Pioneer Woman at Heart

One Flourishing, Frugal and Fun Family!

One family learning to live off the land, cut back on expenses, and to live a simpler and a more self-sufficient lifestyle.

Adopted Motto

"Eat it up,
Wear it out,
Make it do,
Or go without."
~A Pioneer Sampler, by Barbara Greenwood~

Monday, May 15, 2017

Burdock Herbal Oil ~ Eating My Weeds

I've been borrowing many books on herbs from the library and getting new bits of info.

Somewhere in the mix of research, I came upon the uses of burdock oil.  

I have burdock all over, so I decided to make the oil.  One case they said to put the oil and root in a dark room for so many weeks.  Another said to water bath it gently.   So, I went to my herbal books from the homesteading bookshelf and took another look on making oils.  In the past I have made them in a sunny window (calendula, chive).

I decided on making my hair oil using both burdock root,

and nettle.  I allowed the burdock root to dry for 12 hours (or overnight), because I just dug it up.  The nettle has been dried.

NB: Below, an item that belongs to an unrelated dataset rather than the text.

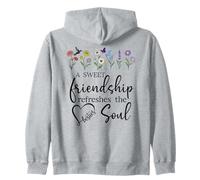 A Sweet Friendship Refreshes Soul Sisters Bestie Best Friend Sudadera con Capucha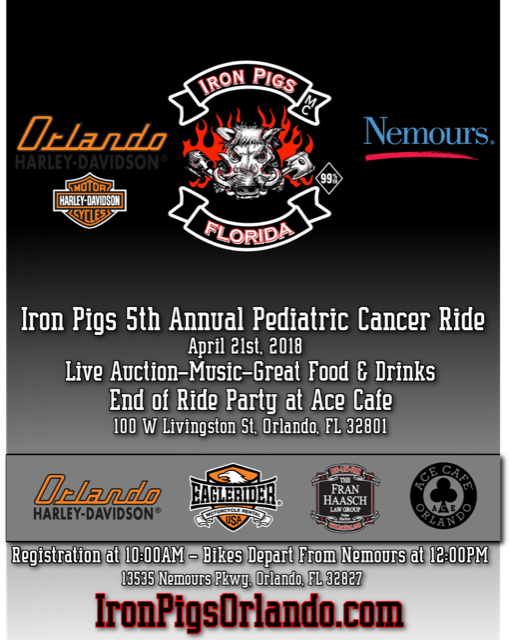 Iron Pigs 5th Annual Pediatric Cancer Ride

It will be a few weeks before I can strain this oil and try it.  Burdock has properties that help hair growth by strengthening it via the scalp when applied.  I decided to add some calendula as well.

Also, I wanted to try cooking the leaves and stalks, so I did a bit of digging for recipes.  I got so many different ones too.  Although I think stinging nettle has more nourishment.  Like I tell my kids - a rotation of all the greens is good for the body.


Sam I Am...... said...

You are becoming so knowledgeable about these 'greens'. You should give seminars! Are dandelion greens okay if the flower has bloomed already or gone to seed? I thought I read somewhere that you had to harvest the greens before they produced a flower. If that is true, unfortunately, that's when I notice them!

Kristina said...

Sam I Am, I haven't read that, but it makes sense. I have gotten them before and after they flower. Interesting.

RB said...

The burdock root looks a bit like a big shrimp.
This is all very interesting. It will be good to hear what benefits you've gotten from it.
Can the roots of any of the greens you cook and eat be cooked and eaten too? And if so, are the benefits they have different from the benefits the greens have?
Right now I have flowers on the parsley I planted last year. I generally wait until they yellow, then cut and dry them in a paper bag and plant them. This year I made the mistake of tasting a flower, and it tastes wonderful, so I'm having to hold myself back from eating them all so I have some seeds left to plant. But they'd be great in salads, vinaigrette and added to vegies that you'd usually add parsley leaves to, though you'd have to pick the flowers from even the tiniest of stems, because the stems are tough.
Our maternal grandmother used dill flowers in her soups and pickles, and they were a bit stronger and far tastier than the fronds are - and prettier too.
God bless.

Kristina said...

RB, I am still learning about the roots of these greens. Some most likely cannot be eaten, but again I'm still reading up on them. You reminded me to go check my dill. It comes back every year, along with my sage, so I hope I won't have to re-plant either.

Beansieleigh said...

Hi Kristina!.. I am wondering what kind of oil you used? Plain old vegetable oil?.. Almond oil or grapeseed oil?? ~tina (oh, and I'm wondering the difference between nettle and "stinging nettle"??? IS there a difference, or is it all the same?

Kristina said...

Beansieleigh, I used organic olive oil. You might get good results with grapeseed and almond as well. Nettle is just a short name for Stinging nettle. I dehydrate it, then store it in a canning jar until I want tea or to infuse oil. Once nettle is dry, it no longer has the "sting" it has fresh. I use really thick gloves when cutting it. You can also order these herbs from Mountain Rose herbs. I lightly rub the oil in my hands and then lightly into my hair.